Le président de l’ONG, Adonis Bioh Kondiano, a tenu son discours de benvenue dans lequel il a lancé un appel pressant à l'endroit non seulemnt des acteurs, mais aussi aux ONG et à tous les parents d’enfants, pour la sauvegarde de la protection des droits de l’enfant. Il a aussi rappelé dans le même discours des chiffres jugés alarmants que nous vous proposons de lire l'extrait dont notre rédaction détient copie.

‘’ Tous les pays, à l’exception des USA et la Somalie, ont ratifié (se sont engagés à respecter). Des lors, ils penseront au bien-être des enfants, et seront à leur écoute. Mais aujourd’hui, le constat est toute autre réalité dans les pays ayant ratifié ladite convention.

Selon le World’s Chirld’s Prize Magasine, chaque année, 40 millions d’enfants sont si maltraités qu’ils ont besoins des soins médicaux ; ce droit à la protection reste bâclé. Environ 306 millions d’enfants travaillent et pour la plupart d’entre eux, le travail met en périls leur sécurité, leur santé, leur moral ou leur scolarité.

10 millions d’enfants sont exploités à travers les pires formes de travaux, comme soldats ou prostitués.
Au moins 1,2 millions d’enfants est victime de trafic. Ces dix dernières années, au moins 2 millions d’enfants sont morts, victimes de la guerre, 6 millions ont été blessés psychiquement. Un million a perdu sa famille ou en a été séparé. Des dizaines de milliers d’enfants sont employés comme des soldats, transporteurs et détecteurs de mines (chaque année plus de 1000 enfants tués ou rendus invalides par des mines). Au moins 18 millions d’enfants sont en fuite. 60 millions d’enfants ont la rue comme foyer. 90 millions d’autres enfants travaillent et passent la journée dans la rue.

Loin du constat dans les autres pays ou dans le monde, quelle situation dans notre pays, la Guinée.

Le constat reste encore très amer, car le droit de façon générale est très méconnu en Guinée, surtout le droit de l’enfant. En Guinée, 6 220 enfants ont perdu un de leurs parents ou les deux ou les personnes qui s’occupent d’eux. Tandis que 230 ont survécu et 519 sont décédés de la maladie à virus Ebola.

Récemment dans un rapport de l’office de la protection du genre, de l’enfance et des mœurs du ministère de la sécurité, durant les trois dernières années (2013, 2014,2015) 92 cas d’enlèvement d’enfants ont été enregistrés.

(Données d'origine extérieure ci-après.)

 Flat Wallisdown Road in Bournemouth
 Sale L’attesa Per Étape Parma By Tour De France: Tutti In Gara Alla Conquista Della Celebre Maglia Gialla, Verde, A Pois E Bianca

Cette situation doit nous interpeler à plus d’un titre, car les enfants ne doivent plus être victimes de toutes exactions ou violence dans notre pays.

Je saisis l’occasion pour lancer un appel à l’ensemble des services et des institutions en charge de la promotion des droits de l’enfant de coordonner leurs efforts et actions liés au bien-être de l’enfant. Et aux parents d’être vigilants et engagez dans l’éducation de cette couche fragile en vue d’une réponse rapide à la problématique de l’enfant en Guinée.

Nous souhaitons que la célébration de cette journée du 20 novembre puisse intéresser toute organisation relevant des droits humains et que cet événement soit célébré sur l’ensemble du territoire national et que les medias en fassent leur cheval de bataille.

Car l’enfant, qu’il vive dans sa famille, dans la rue, malade, handicapé, détenu ou partout, c’est un enfant, car il a droit de jouir pleinement de ses principaux droits. Tout comme nous, engagez-vous pour la cause des enfants car ils constituent la relève de demain’’.